• _What is being asked_
Only certain lines below are wanted: those starting at the line containing "Investment different style" and ending at the line containing "ทำนายเบอร์มงคล หมายเลข 094-597173", both included, each retyped exactly.

:: Data to use

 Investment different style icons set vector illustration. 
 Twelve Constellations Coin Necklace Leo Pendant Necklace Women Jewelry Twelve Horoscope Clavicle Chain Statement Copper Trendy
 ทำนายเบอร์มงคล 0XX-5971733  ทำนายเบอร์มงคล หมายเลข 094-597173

::::
:: Data to use

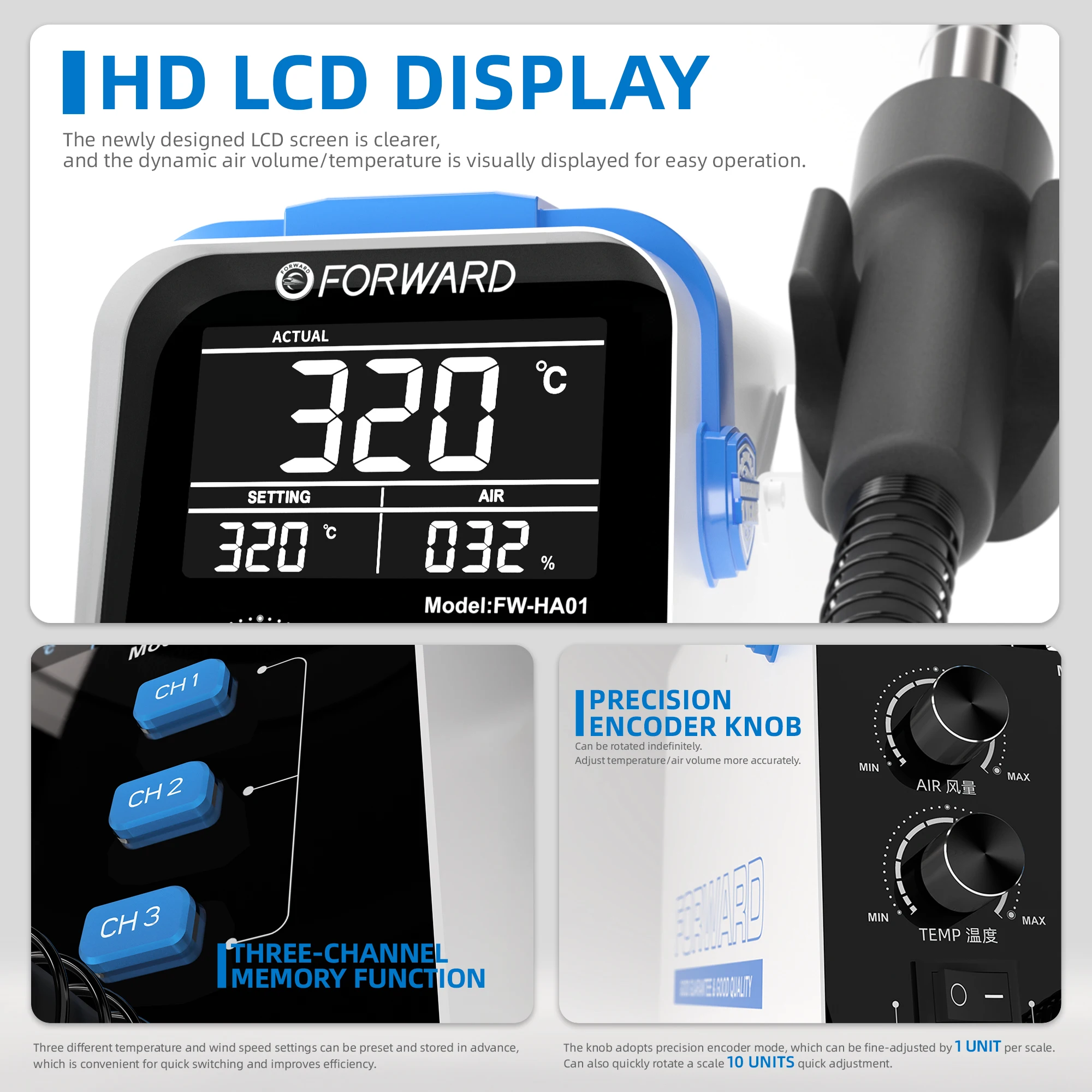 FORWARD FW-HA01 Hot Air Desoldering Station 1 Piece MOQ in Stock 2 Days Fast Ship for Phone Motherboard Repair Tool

::::

• _Response to the exercise_
 Investment different style icons set vector illustration. 
 Twelve Constellations Coin Necklace Leo Pendant Necklace Women Jewelry Twelve Horoscope Clavicle Chain Statement Copper Trendy
 ทำนายเบอร์มงคล 0XX-5971733  ทำนายเบอร์มงคล หมายเลข 094-597173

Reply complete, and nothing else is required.